WORK TO BE COMPLETED.
Your output should be the lines from the start of the data through the line containing "Pembacaan Tata Aturan Voting", exactly and nothing more.

EXTRACTED MATERIAL.
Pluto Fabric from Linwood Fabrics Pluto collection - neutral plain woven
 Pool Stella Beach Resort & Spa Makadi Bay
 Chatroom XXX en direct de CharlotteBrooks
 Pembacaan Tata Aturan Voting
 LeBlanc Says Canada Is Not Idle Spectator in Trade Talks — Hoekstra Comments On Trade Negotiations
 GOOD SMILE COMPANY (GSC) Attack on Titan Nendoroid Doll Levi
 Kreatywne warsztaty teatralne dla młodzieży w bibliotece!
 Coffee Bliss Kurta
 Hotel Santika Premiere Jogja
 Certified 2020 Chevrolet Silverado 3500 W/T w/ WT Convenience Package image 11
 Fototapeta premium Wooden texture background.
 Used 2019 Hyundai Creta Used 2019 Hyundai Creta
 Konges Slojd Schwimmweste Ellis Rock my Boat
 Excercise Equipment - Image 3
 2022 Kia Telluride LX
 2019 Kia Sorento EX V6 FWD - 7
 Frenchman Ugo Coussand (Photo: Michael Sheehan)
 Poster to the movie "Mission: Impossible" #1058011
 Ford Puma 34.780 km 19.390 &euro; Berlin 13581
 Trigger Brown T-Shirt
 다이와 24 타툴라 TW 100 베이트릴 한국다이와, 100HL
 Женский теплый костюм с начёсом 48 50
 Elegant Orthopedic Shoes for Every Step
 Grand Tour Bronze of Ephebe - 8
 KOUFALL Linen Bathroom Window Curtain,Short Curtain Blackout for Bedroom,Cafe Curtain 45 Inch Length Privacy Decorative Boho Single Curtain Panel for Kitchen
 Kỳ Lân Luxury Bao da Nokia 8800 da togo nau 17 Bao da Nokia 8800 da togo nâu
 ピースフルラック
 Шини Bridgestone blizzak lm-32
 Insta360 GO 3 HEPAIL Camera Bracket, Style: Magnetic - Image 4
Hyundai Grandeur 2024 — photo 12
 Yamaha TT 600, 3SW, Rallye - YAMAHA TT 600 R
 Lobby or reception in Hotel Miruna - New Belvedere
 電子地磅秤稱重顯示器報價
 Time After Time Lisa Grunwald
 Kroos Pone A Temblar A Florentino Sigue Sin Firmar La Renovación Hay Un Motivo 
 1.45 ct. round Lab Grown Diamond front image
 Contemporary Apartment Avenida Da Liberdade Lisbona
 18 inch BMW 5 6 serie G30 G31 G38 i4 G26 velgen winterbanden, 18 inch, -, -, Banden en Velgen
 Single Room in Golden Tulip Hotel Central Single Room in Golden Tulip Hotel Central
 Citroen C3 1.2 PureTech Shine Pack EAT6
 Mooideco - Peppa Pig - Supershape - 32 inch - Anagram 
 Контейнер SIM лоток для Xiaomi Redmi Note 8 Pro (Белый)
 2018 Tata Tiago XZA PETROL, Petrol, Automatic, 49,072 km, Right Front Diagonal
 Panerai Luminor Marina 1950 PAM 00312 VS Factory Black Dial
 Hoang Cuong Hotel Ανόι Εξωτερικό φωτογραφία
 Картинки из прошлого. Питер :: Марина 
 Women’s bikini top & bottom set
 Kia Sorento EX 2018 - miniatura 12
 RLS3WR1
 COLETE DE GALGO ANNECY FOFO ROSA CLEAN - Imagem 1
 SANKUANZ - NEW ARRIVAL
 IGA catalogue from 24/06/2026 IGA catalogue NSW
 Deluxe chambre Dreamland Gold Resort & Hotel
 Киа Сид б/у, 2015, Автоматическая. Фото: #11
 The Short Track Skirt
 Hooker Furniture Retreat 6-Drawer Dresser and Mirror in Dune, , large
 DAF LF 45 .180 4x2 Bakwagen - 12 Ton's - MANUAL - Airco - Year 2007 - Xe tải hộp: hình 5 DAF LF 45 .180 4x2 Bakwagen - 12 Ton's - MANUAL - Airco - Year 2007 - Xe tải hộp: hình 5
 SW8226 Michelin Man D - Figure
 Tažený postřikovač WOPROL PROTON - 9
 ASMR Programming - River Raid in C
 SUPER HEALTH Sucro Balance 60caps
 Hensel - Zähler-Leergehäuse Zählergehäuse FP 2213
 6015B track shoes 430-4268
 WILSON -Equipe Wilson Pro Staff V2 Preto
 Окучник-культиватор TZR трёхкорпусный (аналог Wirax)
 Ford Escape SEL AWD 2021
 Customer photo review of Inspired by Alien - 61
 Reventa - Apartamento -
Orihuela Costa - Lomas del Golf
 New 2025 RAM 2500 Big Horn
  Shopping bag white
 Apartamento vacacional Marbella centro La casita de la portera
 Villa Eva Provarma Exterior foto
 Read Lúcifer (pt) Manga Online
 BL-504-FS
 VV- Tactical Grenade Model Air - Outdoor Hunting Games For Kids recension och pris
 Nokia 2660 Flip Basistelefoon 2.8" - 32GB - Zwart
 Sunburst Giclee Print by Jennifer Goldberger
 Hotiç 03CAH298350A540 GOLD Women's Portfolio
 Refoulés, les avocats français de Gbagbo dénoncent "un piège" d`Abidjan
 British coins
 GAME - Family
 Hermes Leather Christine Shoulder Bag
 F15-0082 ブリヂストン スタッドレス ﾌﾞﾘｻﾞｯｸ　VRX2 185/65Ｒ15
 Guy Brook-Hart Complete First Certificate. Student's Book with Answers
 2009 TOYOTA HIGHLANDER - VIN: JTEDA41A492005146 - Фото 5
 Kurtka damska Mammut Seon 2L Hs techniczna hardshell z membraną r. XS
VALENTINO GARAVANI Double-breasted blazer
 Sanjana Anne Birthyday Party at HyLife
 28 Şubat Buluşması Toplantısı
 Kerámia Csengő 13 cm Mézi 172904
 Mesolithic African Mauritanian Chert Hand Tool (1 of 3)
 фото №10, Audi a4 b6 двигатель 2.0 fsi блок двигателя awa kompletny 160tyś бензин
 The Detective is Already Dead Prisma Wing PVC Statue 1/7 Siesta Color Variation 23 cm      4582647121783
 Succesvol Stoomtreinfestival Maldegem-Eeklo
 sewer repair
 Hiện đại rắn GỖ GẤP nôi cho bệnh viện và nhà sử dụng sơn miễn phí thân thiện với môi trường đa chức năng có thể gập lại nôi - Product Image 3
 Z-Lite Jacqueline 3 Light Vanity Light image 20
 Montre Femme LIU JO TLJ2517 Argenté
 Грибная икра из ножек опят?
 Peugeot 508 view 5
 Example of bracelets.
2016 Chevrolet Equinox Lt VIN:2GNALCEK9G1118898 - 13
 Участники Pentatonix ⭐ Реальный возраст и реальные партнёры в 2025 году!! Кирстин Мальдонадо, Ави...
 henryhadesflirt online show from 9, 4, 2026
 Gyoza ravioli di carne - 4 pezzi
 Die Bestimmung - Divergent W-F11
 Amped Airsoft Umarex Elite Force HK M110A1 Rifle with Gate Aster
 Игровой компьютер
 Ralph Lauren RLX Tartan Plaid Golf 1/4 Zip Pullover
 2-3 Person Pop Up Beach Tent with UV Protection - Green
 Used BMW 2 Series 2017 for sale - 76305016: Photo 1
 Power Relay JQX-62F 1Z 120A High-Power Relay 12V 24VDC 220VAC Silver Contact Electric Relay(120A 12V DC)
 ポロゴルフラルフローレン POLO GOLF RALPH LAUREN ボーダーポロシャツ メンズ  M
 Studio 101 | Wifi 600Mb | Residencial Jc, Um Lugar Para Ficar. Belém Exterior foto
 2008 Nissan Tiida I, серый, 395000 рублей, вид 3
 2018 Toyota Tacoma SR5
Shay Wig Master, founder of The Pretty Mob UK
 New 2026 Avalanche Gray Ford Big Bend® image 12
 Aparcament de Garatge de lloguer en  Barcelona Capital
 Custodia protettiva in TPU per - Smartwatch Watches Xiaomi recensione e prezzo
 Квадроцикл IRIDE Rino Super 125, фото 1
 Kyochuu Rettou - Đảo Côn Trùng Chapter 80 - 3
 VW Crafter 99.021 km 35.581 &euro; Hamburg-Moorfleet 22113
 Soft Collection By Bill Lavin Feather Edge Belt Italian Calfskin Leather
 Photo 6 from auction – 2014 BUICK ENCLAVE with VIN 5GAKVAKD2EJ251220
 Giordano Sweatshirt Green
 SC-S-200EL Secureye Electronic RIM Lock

RESULT.
Pluto Fabric from Linwood Fabrics Pluto collection - neutral plain woven
 Pool Stella Beach Resort & Spa Makadi Bay
 Chatroom XXX en direct de CharlotteBrooks
 Pembacaan Tata Aturan Voting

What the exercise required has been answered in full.